Committee advances competing proposals to redraw Maricopa County boundaries and create new counties
Summary
Two competing proposals to redraw Maricopa County — one creating three new counties and one transferring parts of Maricopa into existing neighboring counties — were advanced by the committee after extended debate about population, costs and transition logistics.
The Senate Government Committee advanced two competing bills that would change Maricopa County’s boundaries and governance. SB 1101 would create three new counties from portions of Maricopa; SB 1100 would transfer parts of Maricopa to adjacent counties (Pinal, La Paz, Yavapai, Yuma and Gila under the proposal). The committee adopted a sponsor amendment to SB 1101 (a date change) and subsequently gave both bills due‑pass recommendations by recorded votes of 4 ayes and 3 nos.

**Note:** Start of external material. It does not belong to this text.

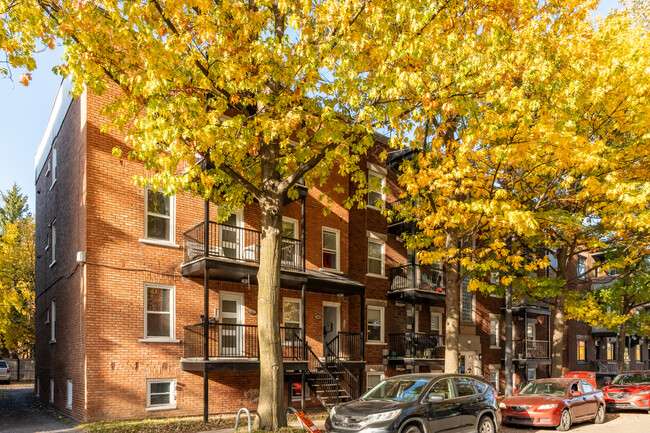 165 Carignan-Salières Rue in Québec, QC - Building Photo - Primary Photo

Sponsor rationale: The sponsor argued at length that Maricopa County is disproportionately large — the committee record cites a current Maricopa population of roughly 4.7 million (about 65% of the state) and projected growth that could put the county at 7.5 million in 30 years if current trends continue — and said the state needs more representative, local governance. The sponsor presented maps showing two approaches: (1) SB 1101’s option to carve Maricopa into a smaller Maricopa plus three new counties (named in the sponsor’s materials as Odom, Mogollon and Hohokam in the sponsor’s map) and (2) SB 1100’s approach to have adjacent counties absorb sections of Maricopa by “clawing in.”

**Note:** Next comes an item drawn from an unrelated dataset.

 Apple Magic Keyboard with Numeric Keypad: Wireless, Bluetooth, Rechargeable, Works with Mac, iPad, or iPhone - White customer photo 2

Opponents’ concerns: Committee members and others raised several practical concerns. Senator Cooney and others flagged potential costs (committee references included an estimate cited by Maricopa County of roughly $155 million for reconfiguration), legal and operational issues (superior‑court judges must reside in the county they serve, special taxing district continuity, community college governance), and the risk that increased distances to county seats could reduce public participation. Members also questioned whether adjacent counties had been consulted and whether the resulting counties would have sustainable tax bases to support service levels.
Sponsor response and implementation pathways: The sponsor said the bills include transition provisions (SB 1101 contains a multi‑year transition period and intercounty oversight board in the draft) and suggested runways and intergovernmental agreements (IGAs) could smooth the transition for shared services, special taxing districts and community colleges. The sponsor also argued that option 2 (boundary transfers to adjacent counties) would require less new infrastructure because existing county facilities and staff could serve transferred areas.

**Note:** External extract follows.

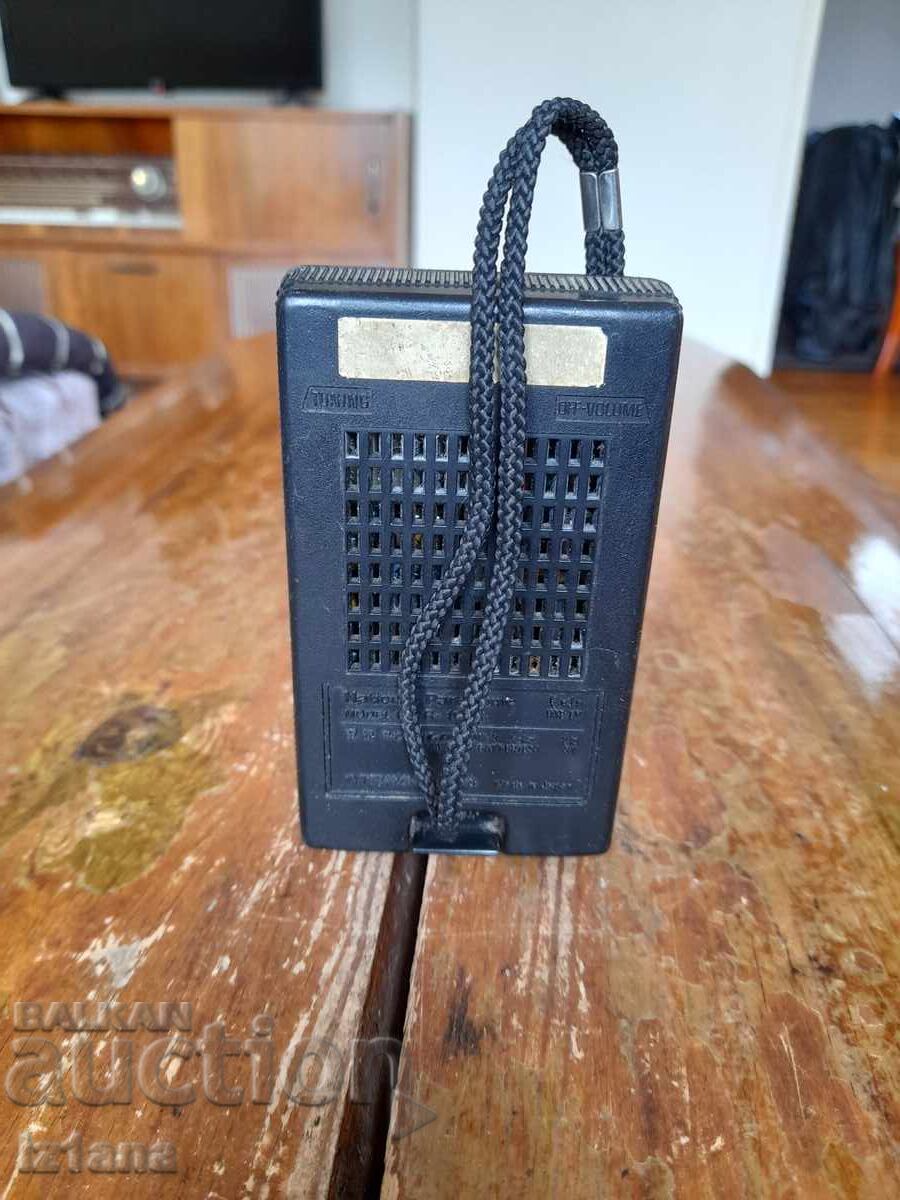 Auction  Vintage radio, National Panasonic R-1018 radio receiver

Committee action: The committee adopted the six‑page Hoffman amendment to SB 1101 (a drafting change to an implementation date) and then advanced SB 1101 as amended by a 4–3 vote. SB 1100 also advanced 4–3. The sponsor said these bills are intended to begin a longer public and legislative conversation; she acknowledged significant implementation work would be required and that the current governor would likely not sign them in the present term.
What’s next: Both bills will proceed to subsequent legislative consideration. Key follow‑up topics for staff and stakeholders include transition costs, IGAs for shared services and special districts, impacts on judicial residency and election timing for new county offices.